The pertuzamab combination was approved for the treatment of HER2-positive breast cancer in October 2013 based on the phase II NeoSphere trial, which showed that pertuzumab, trastuzumab, and chemotherapy, significantly improved pCR when compared with three other neoadjuvant regimens.

Beitsch says despite the combination only being approved in the neoadjuvant setting, this discovery could lead to the combination's use in the adjuvant setting.

"Our study creates an excellent argument to insurance companies to allow for pertuzumab to be given in addition to trastuzumab in the adjuvant setting," he said.

"I think it is going to make a major impact in the majority of triple-positive women and, probably, the subtyping should probably be routinely done on those patients who are triple-positive. This is to see if they are that luminal subtype, because they really need the pertuzumab/trastuzumab combination, even if it is in the adjuvant setting. I think this will have a major impact on women with HER2 disease."

Looking toward the future of this subtype and its treatment, Beitsch says he and his research group are planning on following up with the participating patients for 5 years and beyond to determine if their pCR rates translate into survival.

"We have some ongoing studies looking at the luminal subtypes. There are some that don’t really respond well with chemotherapy, but some do and so we want to tease out the luminal subtypes that are responding. Perhaps, there is a signature we can find to determine the luminal patients who need chemotherapy, because the vast majority does not," he said.

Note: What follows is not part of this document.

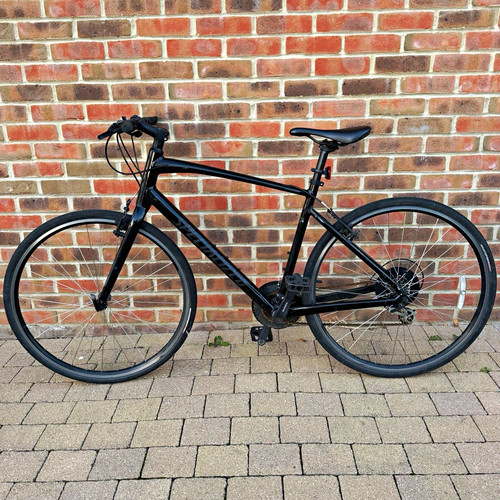 Specialised sirrus road bike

"We are probably planning on doing an NBRST '2' study to look at the low-risk group and see if they don’t need therapy beyond surgery—not even endocrine therapy. They are at such a low risk for recurrence. We will tease out the higher-risk groups that are basal. It is probably a heterogeneous group of patients, so we will try to split those up and see exactly what therapy might be directed at one of those basal subtypes."